What you have to do:
Print back each record unchanged, without pictures.

Information shown:
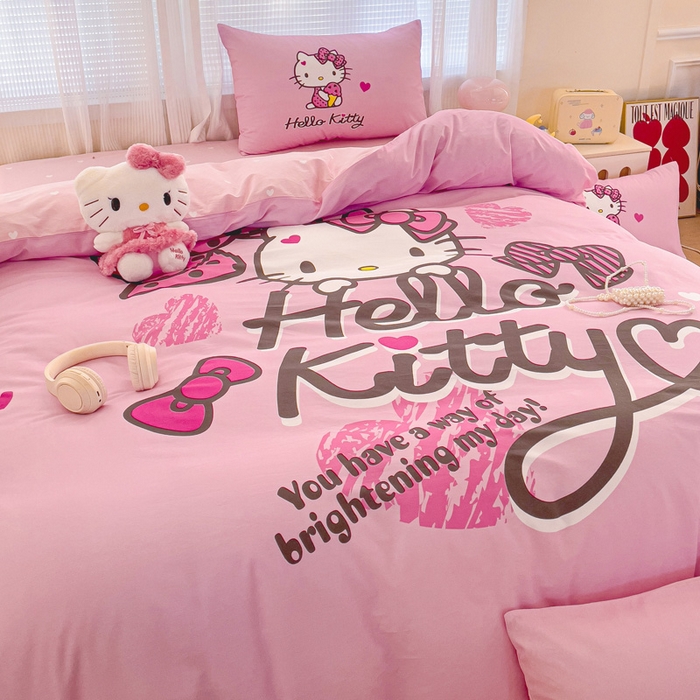 91家纺网 家纺一手货源 找家纺 朵希曼 2026新款正版授权全棉大版数码印花三丽鸥系列四件套 凯蒂宝贝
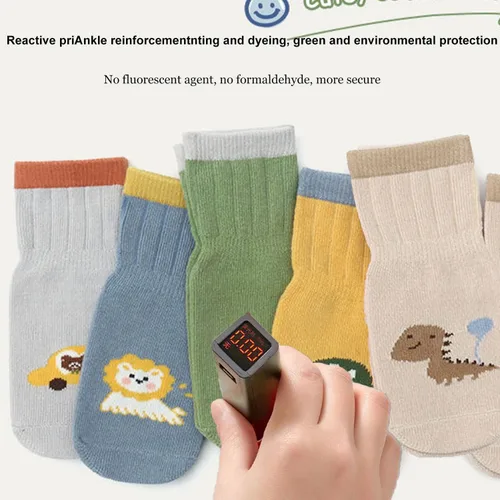 Miniatura 3 de BRATAA Toddlers No Slip Socks 5 Pairs-Cartoon Baby Little Boys Girls Socks with Grips Crew Length Slipper Socks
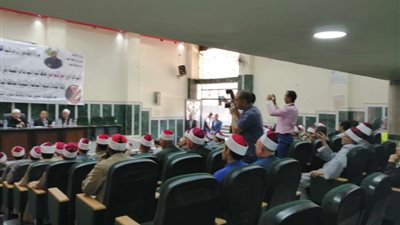 بالصور.. وزير الأوقاف يوجه رسالة صارمة للإرهاب أثناء خطبة الجمعة بالمنيا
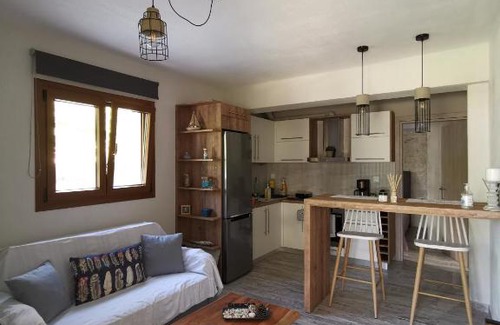 Elia Nikitis Maison | Ca' del mare 35m2
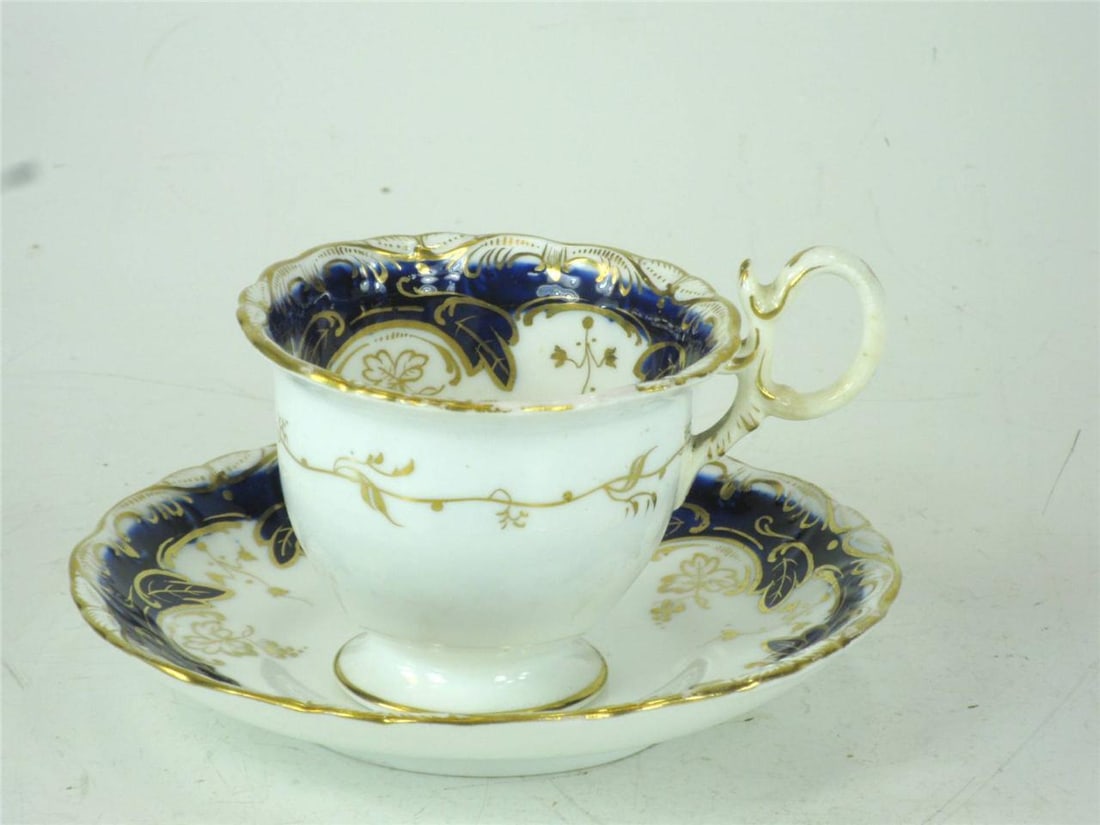 Early 19th Century Teacup Antique Cobalt Tea Leaf Fine Bone China Hand Panted Gold - 11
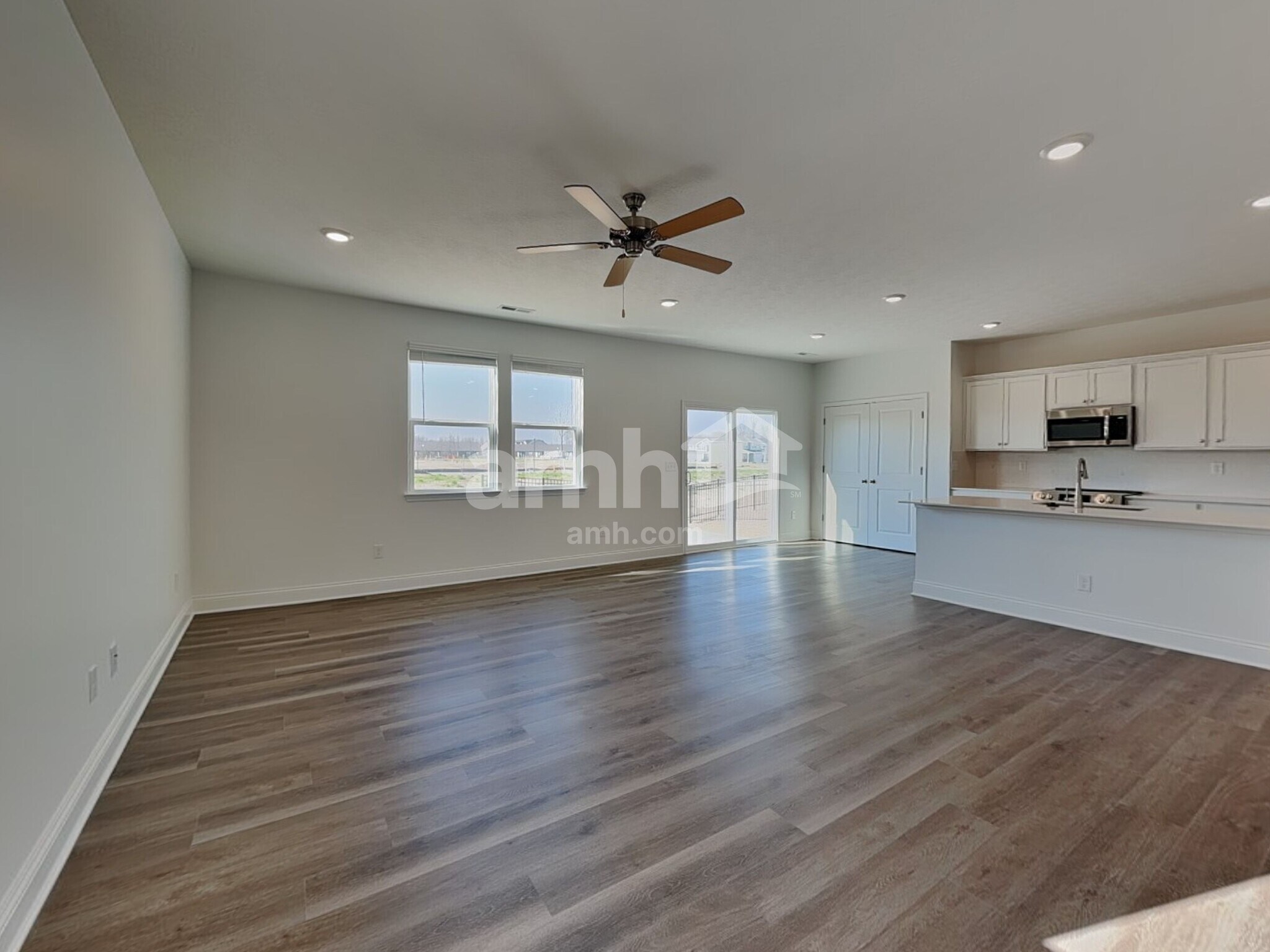 Building Photo - 9085 Henley Ave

Worked solution:
 91家纺网 家纺一手货源 找家纺 朵希曼 2026新款正版授权全棉大版数码印花三丽鸥系列四件套 凯蒂宝贝
 Miniatura 3 de BRATAA Toddlers No Slip Socks 5 Pairs-Cartoon Baby Little Boys Girls Socks with Grips Crew Length Slipper Socks
 بالصور.. وزير الأوقاف يوجه رسالة صارمة للإرهاب أثناء خطبة الجمعة بالمنيا
 Elia Nikitis Maison | Ca' del mare 35m2
 Early 19th Century Teacup Antique Cobalt Tea Leaf Fine Bone China Hand Panted Gold - 11
 Building Photo - 9085 Henley Ave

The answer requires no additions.